So we see that dealing with one's own tendency to split, see things as either black or white, is crucial to working on the self. You can never effectively practice External Considering if you can't master your own splitting as is clear from the following passage from ISOTM which deals first with identification and internal considering which seems to me to be just another way to describe splitting:
"Identifying is the chief obstacle to self-remembering. A man who identifies with anything is unable to remember himself. In order to remember oneself it is necessary first of all not to identify. But in order to learn not to identify man must first of all not be identified with himself, must not call himself 'I' always and on all occasions. He must remember that there are two in him, that there is himself that is 'I' in him, and there is another with whom he must struggle and whom he must conquer if he wishes at any time to attain anything. So long as a man identifies or can be identified, he is the slave of everything that can happen to him. Freedom is first of all freedom from identification.
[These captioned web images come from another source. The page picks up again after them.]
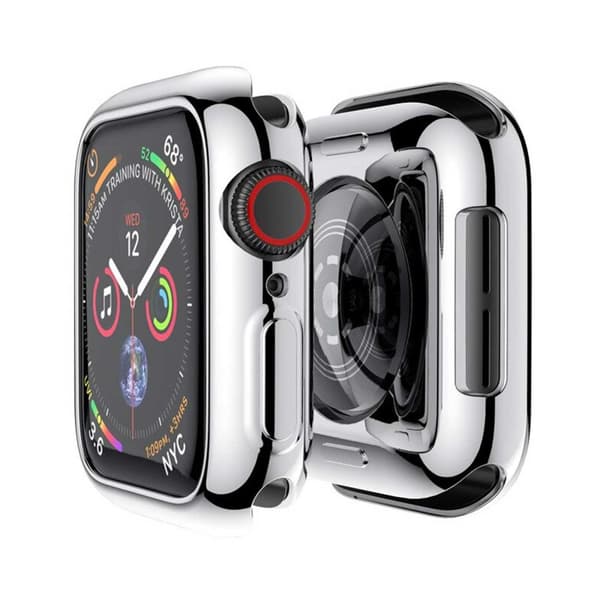 Omfattende Apple Watch 4/5/6/Se Shell Screen Protector Silver 44mm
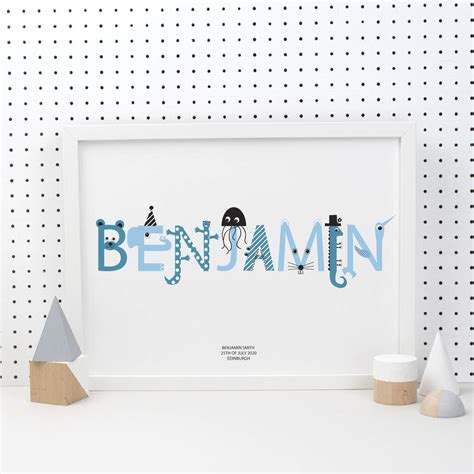 Childrens Name Print With Animal Characters By Karin Åkesson Design
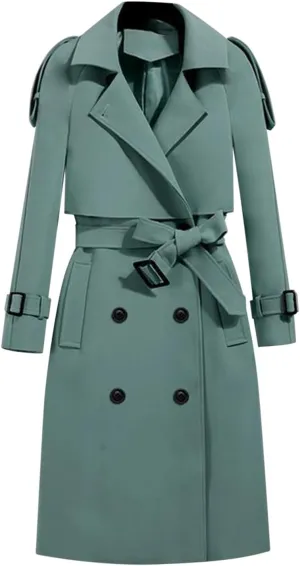 YRAETENM Women's Long Double-Breasted Trench Coat with Belt Lightweight Windbreaker Notch Lapel Collar Long Sleeve Overcoat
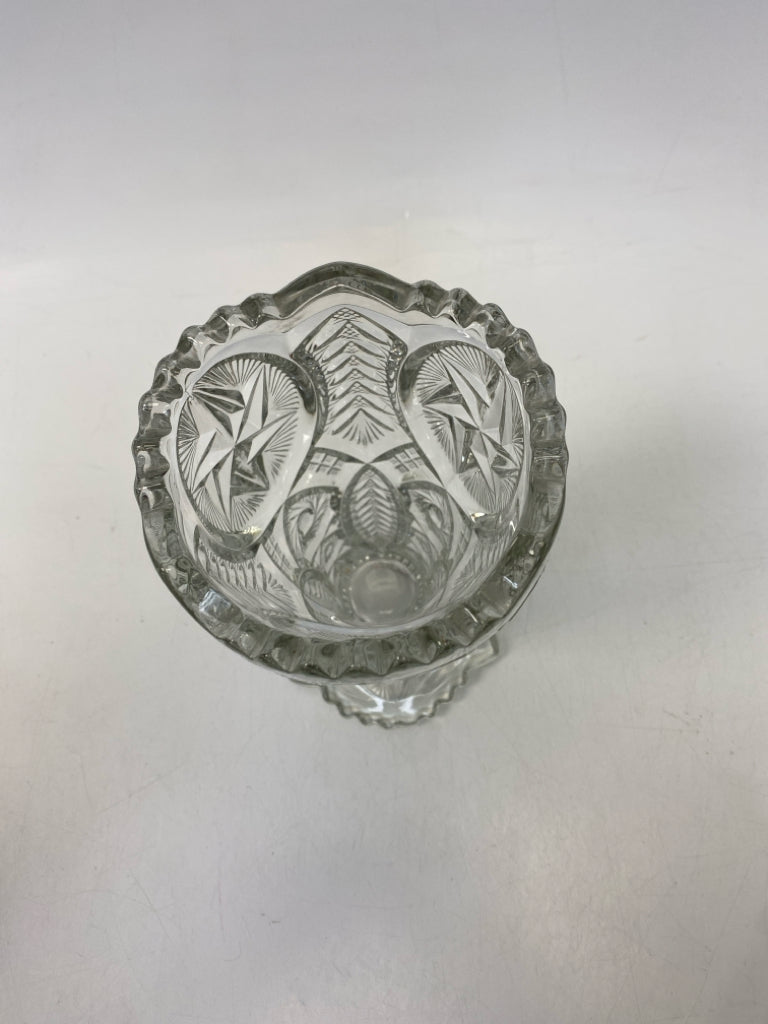 Clear Cut-Glass Vase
"After general forms of identification attention must be given to a particular form of identifying, namely identifying with people, which takes the form of 'considering' them.
"There are several different kinds of 'considering.'
"On the most prevalent occasions a man is identified with what others think about him, how they treat him, what attitude they show towards him. He always thinks that people do not value him enough, are not sufficiently polite and courteous. All this torments him, makes him think and suspect and lose an immense amount of energy on guesswork, on suppositions, develops in him a distrustful and hostile attitude towards people. How somebody looked at him, what somebody thought of him, what somebody said of him—all this acquires for him an immense significance.
"And he 'considers' not only separate persons but society and historically constituted conditions. Everything that displeases such a man seems to him to be unjust, illegal, wrong, and illogical. And the point of departure for his judgment is always that these things can and should be changed. 'Injustice' is one of the words in which very often considering hides itself. When a man has convinced himself that he is indignant with some injustice, then for him to stop considering would mean 'reconciling himself to injustice.'
"There are people who are able to consider not only injustice or the failure of others to value them enough but who are able to consider for example the weather. This seems ridiculous but it is a fact. People are able to consider climate, heat, cold, snow, rain; they can be irritated by the weather, be indignant and angry with it. A man can take everything in such a personal way as though everything in the world had been specially arranged in order to give him pleasure or on the contrary to cause him inconvenience or unpleasantness.
"All this and much else besides is merely a form of identification. Such considering is wholly based upon 'requirements.' A man inwardly 'requires' that everyone should see what a remarkable man he is and that they should constantly give expression to their respect, esteem, and admiration for him, for his intellect, his beauty, his cleverness, his wit, his presence of mind, his originality, and all his other qualities. Requirements in their turn are based on a completely fantastic notion about themselves such as very often occurs with people of very modest appearance. Various writers, actors, musicians, artists, and politicians, for instance, are almost without exception sick people. And what are they suffering from? First of all from an extraordinary' opinion of themselves, then from requirements, and then from considering, that is, being ready and prepared beforehand to take offense at lack of understanding and lack of appreciation.
"There is still another form of considering which can take a great deal of energy from a man. This form starts with a man beginning to think that he is not considering another person enough, that this other person is offended with him for not considering him sufficiently. And he begins to think himself that perhaps he does not think enough about this other, does not pay him enough attention, does not give way to him enough. All this is simply weakness. People are afraid of one another. But this can lead very far. I have seen many such cases. In this way a man can finally lose his balance, if at any time he had any, and begin to perform entirely senseless actions. He gets angry with himself and feels that it is stupid, and he cannot stop, whereas in such cases the whole point is precisely 'not to consider.'
"It is the same case, only perhaps worse, when a man considers that in his opinion he 'ought' to do something when as a matter of fact he ought not to do so at all. 'Ought' and 'ought not' is also a difficult subject, that is, difficult to understand when a man really 'ought' and when he 'ought not.' This can be approached only from the point of view of 'aim.' When a man has an aim he 'ought' to do only what leads towards his aim and he 'ought not' to do anything that hinders him from going towards his aim.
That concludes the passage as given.